Really? I can think of quite a few reasons that Cuccinelli and other Republicans would fight this battle even if they thought it was hopeless. For one thing, there's the Tea Party approval for every step of it, from the initial decision to file the suit, to actually filing it, to arguing it, to the appeals...for a state AG, that's a lot of great media hits. For another, it allows Republicans to fight on territory they're real comfortable with ("tyranny"), as opposed to having to get down into the complex issues surrounding health care. Plus it gives conservatives, especially if they lose, an excuse to focus on one of their very favorite themes, court bashing.

Generally, there are usually lots of incentives for politicians to fight hopeless fights. They get all the publicity and none of the responsibility. Hopeless court fights are great, because they promise to stretch out for years, with no obligation to put together complex legislation (which could actually harm their constituents if enacted), or deal with the consequences of a victory.

I'll add one thing: while I again won't make any prediction about the outcome, I'll point out that everyone involved has a strong incentive to act as if the lawsuit has a good chance of winning. For Republicans, the whole point is lost if people don't take it seriously. For Democrats, it's a good chance to raise money off of the fear that a future president and Senate will undermine the post-New Deal constitutional order. Hey, even pundits are implicated. Tribe notwithstanding, the odds are that those who don't think there's a real possibility that the court could toss out part or all of ACA just won't write about it, while those who do think it's likely will.

Anyway, the main point here is that hopeless fights are often a politician's best friend. Especially those not especially interested in governing.


  1. Another fine post. I'm reading Eric Foner's "The Fiery Trial: Abraham Lincoln and American Slavery" and found the following excerpt (p. 294) from a November 14, 1864 Chicago Tribune editorial written as the 13th Amendment was being debated: "events have proved that the danger to...freedom is from the states, not the Federal government."

    It's not true that everything in American history revolves around the Civil War, but it's close.

    One of the ongoing intellectual battles in American public life is over the meaning of "freedom", "liberty" and "tyranny". Foner documents how the events of the Civil War drove changes in how Lincoln, and many Americans, understood the nature of the Union and the role of government.

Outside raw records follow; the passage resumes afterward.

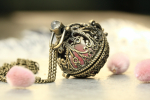 Retro Medaillon Weidekätzchen Kette Rosenquarz Geschenkidee Frauen Prayerbox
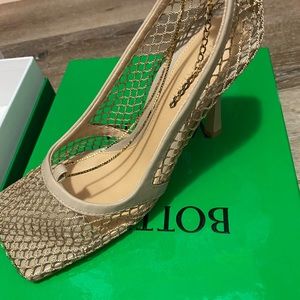 Bottega Veneta Mesh shoes in size 38.5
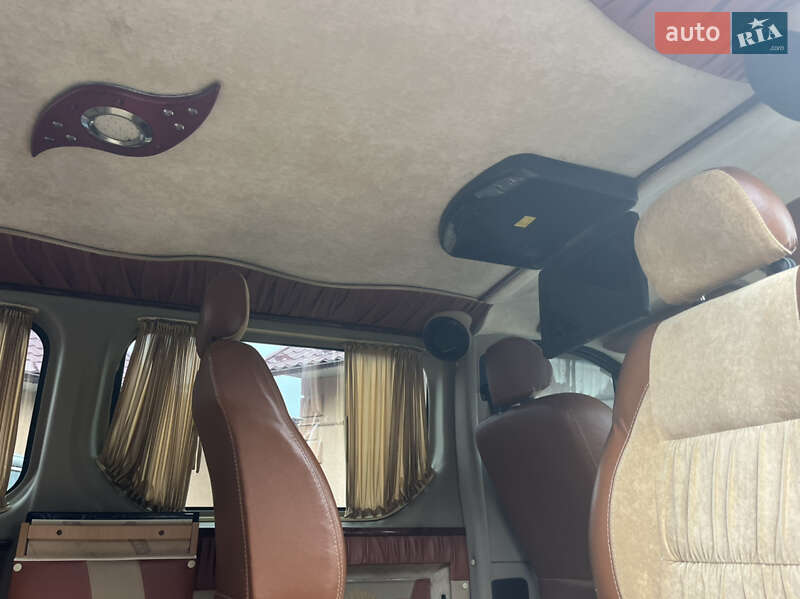 Мінівен Renault Trafic 2008 в Кіцмані фото 11 Мінівен Renault Trafic 2008 в Кіцмані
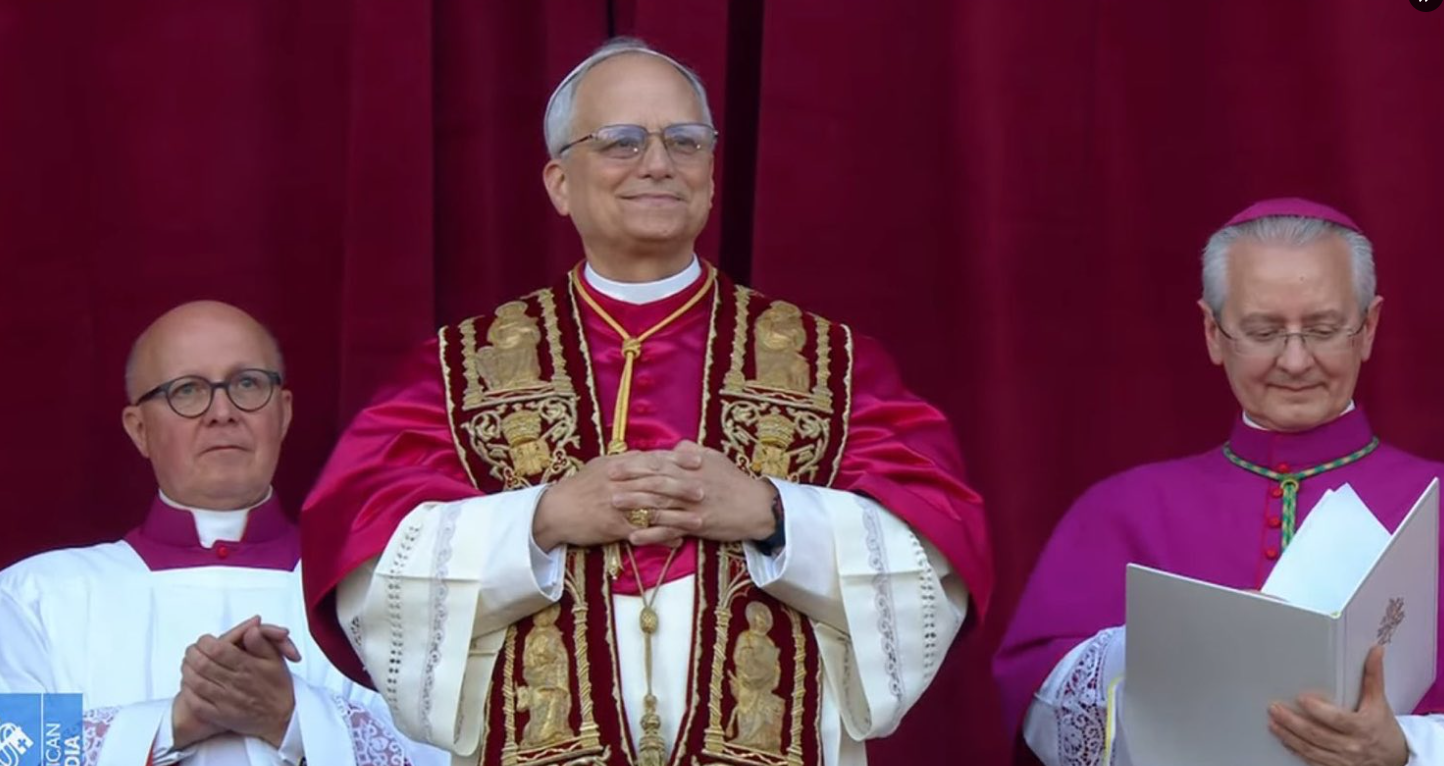 Presidente de Guatemala felicita y envía un saludo especial a su Santidad León XIV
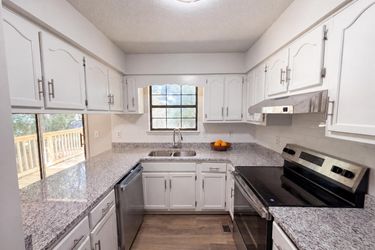 Photo 2 of 29 of 8911 Quail Run Dr, Chattanooga, TN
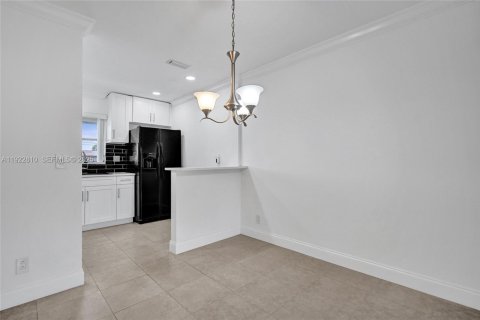 Casa en venta en West Palm Beach, Florida, 1 dormitorio, 61.5 m2 № 1983667 - foto 17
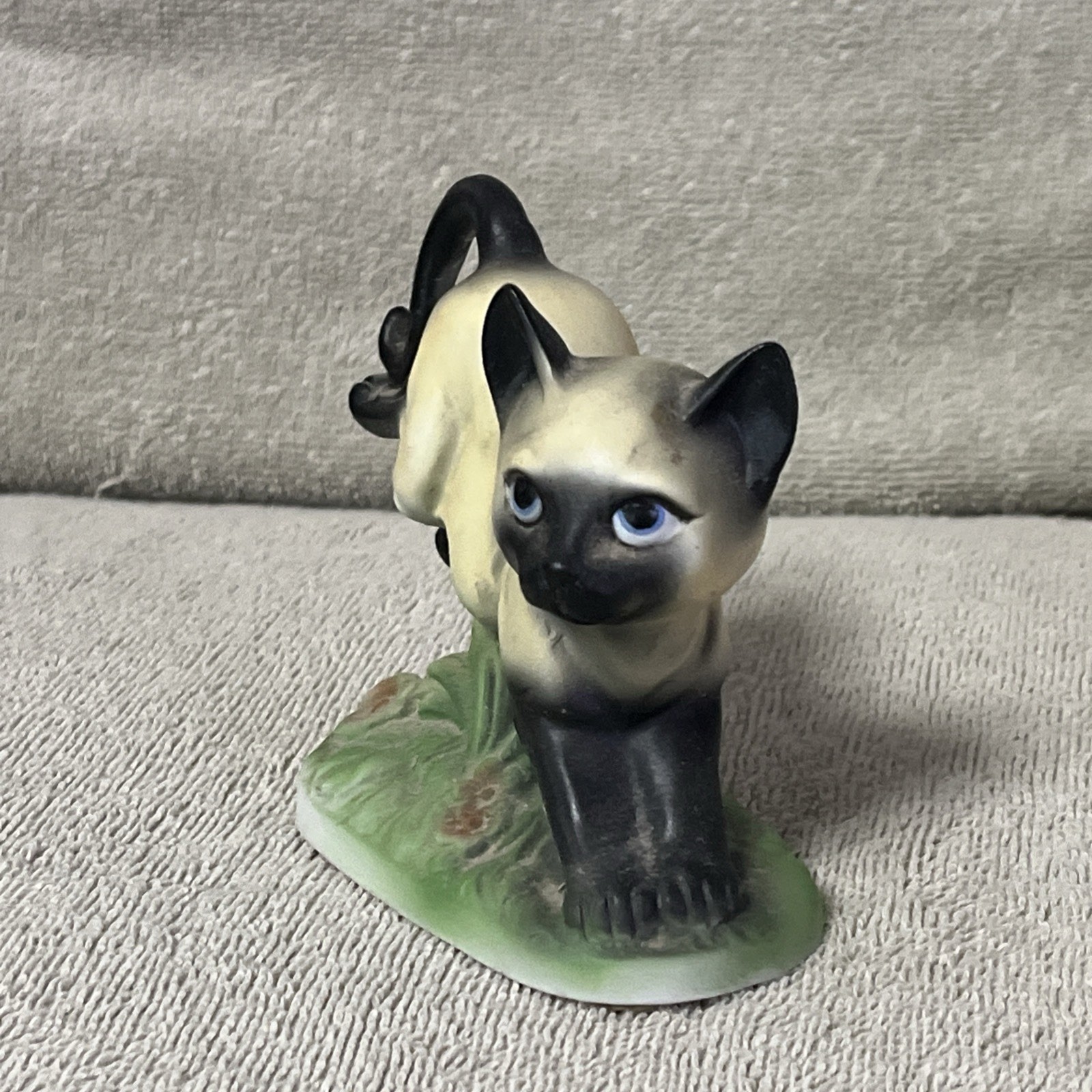 Vintage Playing Siamese Cat Ceramic Figurine #9DA-11.7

    Conservatives tend to see the federal government as the greatest threat of "tyranny", while overlooking the "tyranny" of state and local governments (governments that are often more easily susceptible to corporate influence and local business elites).

    Among other defenses of the ACA is the notion that it ends the "tyranny" of insurance companies and states like---picking not entirely at random---Texas and South Carolina that have a bias against equal rights and citizenship for all.

  2. I'd say you're absolutely right -- and not quite right.
    You're absolutely right about why this is a winner even if Cooch et al. lose. He in particular does all the political point-scoring you describe. But that doesn't mean he and his allies are fighting a battle they know they'll lose -- it means they're fighting a battle they see as win-win.

    They win? They win. They lose? They proved themselves champions of the troops' values and they win.

  3. Steve,

    I have no disagreement with you (or Adam Serwer) about whether they think they'll win in the courts, or whether they actually have a good chance of winning. Just saying that the fight makes sense even if neither of those things are true.

  4. As far as the judicial outcomes on ACA are concerned, the anti-Obama (and I mean that exactly) has one win at the moment, not two. The fact that the judge in the first case did not recuse himself despite his obscene financial and political entanglements with Cuccinelli, renders that particular decision meaningless. It should get them both disbarred, but otherwise it's just a legal joke.